▶ _What you are asked to do_
Could each entry be returned exactly as it appears?

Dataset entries
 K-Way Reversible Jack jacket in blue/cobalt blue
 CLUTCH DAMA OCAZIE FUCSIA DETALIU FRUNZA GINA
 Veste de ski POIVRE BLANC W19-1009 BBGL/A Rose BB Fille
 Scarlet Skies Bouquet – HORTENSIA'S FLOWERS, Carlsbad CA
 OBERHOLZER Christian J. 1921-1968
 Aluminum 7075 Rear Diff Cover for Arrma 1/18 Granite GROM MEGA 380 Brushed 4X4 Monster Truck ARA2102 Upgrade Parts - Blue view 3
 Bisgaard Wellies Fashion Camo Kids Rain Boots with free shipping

▶ _Expected output_
 K-Way Reversible Jack jacket in blue/cobalt blue
 CLUTCH DAMA OCAZIE FUCSIA DETALIU FRUNZA GINA
 Veste de ski POIVRE BLANC W19-1009 BBGL/A Rose BB Fille
 Scarlet Skies Bouquet – HORTENSIA'S FLOWERS, Carlsbad CA
 OBERHOLZER Christian J. 1921-1968
 Aluminum 7075 Rear Diff Cover for Arrma 1/18 Granite GROM MEGA 380 Brushed 4X4 Monster Truck ARA2102 Upgrade Parts - Blue view 3
 Bisgaard Wellies Fashion Camo Kids Rain Boots with free shipping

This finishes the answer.